Mullet is the leader of a breakaway sect of an Amish community made up of 18 families in the village of Bergholz, located about 100 miles southeast of Cleveland. They were convicted of several crimes in September 2012 for carrying out five nighttime raids in 2011.

Members of the community rousted five victims out of bed and chopped off their beards and hair with horse mane shears and battery-powered clippers. The attackers documented the attacks with a disposable camera.

Men's beards and women's hair have spiritual significance to the Amish.

Prosecutors brought hate-crime and obstruction charges against 16 members of the Amish community. They said the attacks were carried out at the behest of Mullet against the bishop's enemies. Witnesses portrayed him as a fire-and-brimstone preacher who imposed strict, and often bizarre, discipline on his flock.

The 6th U.S. Circuit Court of Appeals later overturned the hate-crime convictions, citing faulty jury instructions. Polster re-sentenced all of them to shorter sentences in March 2015 -- with Mullet's sentence being reduced from 15 years to 10 years, nine months in federal prison. The judge noted that it was clear the attacks were religiously motivated.

The 6th Circuit rejected Mullet's appeal in May 2016 and the U.S. Supreme Court declined to take up his case in February.

Mullet is the only defendant who remains in prison.

The motion to vacate his convictions relies on an ineffective assistance of counsel claim.
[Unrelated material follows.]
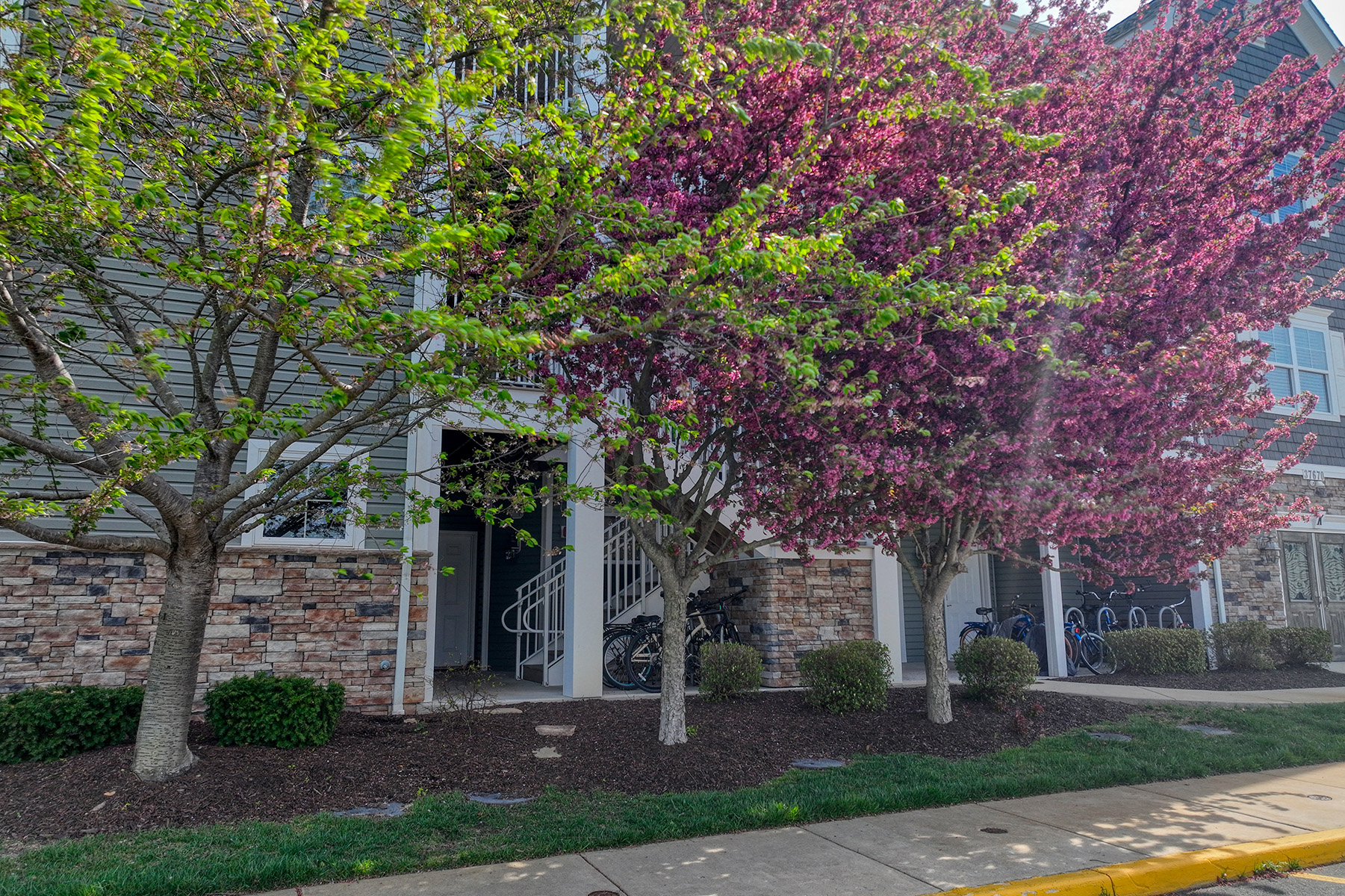  37670 Exeter Drive , 2 - 物件實景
It says Polster improperly allowed the jury to hear evidence of Mullet's sexual activities, which prosecutors said showed how much control he had over his community. Bryan objected before trial, and a 6th Circuit judge raised the testimony as problematic during Mullet's first appeal, but Bryan did not bring it up the second time around, the motion says.

Mullet also argues that Bryan should have objected to problematic testimony by a government's expert. Donald Kraybill was only supposed to testify generally about the Amish and about the significance of beards for Amish men and long hair for Amish women. Instead, Kraybill talked about how Mullet lead by "coercion and force and threats and intimidation," according to the motion.
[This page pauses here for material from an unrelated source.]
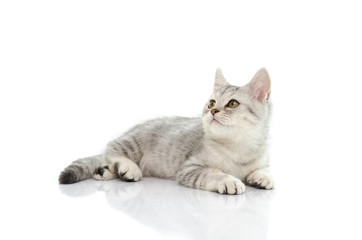 Naklejka premium Śliczny srebrny kotek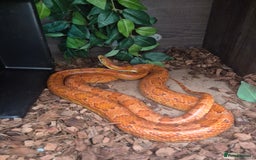 Boa Snake reptiles for sale: Boa, corn, royal snakes - Image 3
Mullet also took issue with Bryan's lack of a specific objection to prosecutors' use of a 2011 article by Associated Press reporter Andrew Welsh-Huggins that contained an interview with Mullet. Prosecutors treated the article as a confession at trial and used a quote of Mullet's from the article out of context, according to the motion.

After serving part of his sentence at a prison in Texarkana, Texas, Mullet is being housed at a federal prison in Lisbon, Ohio.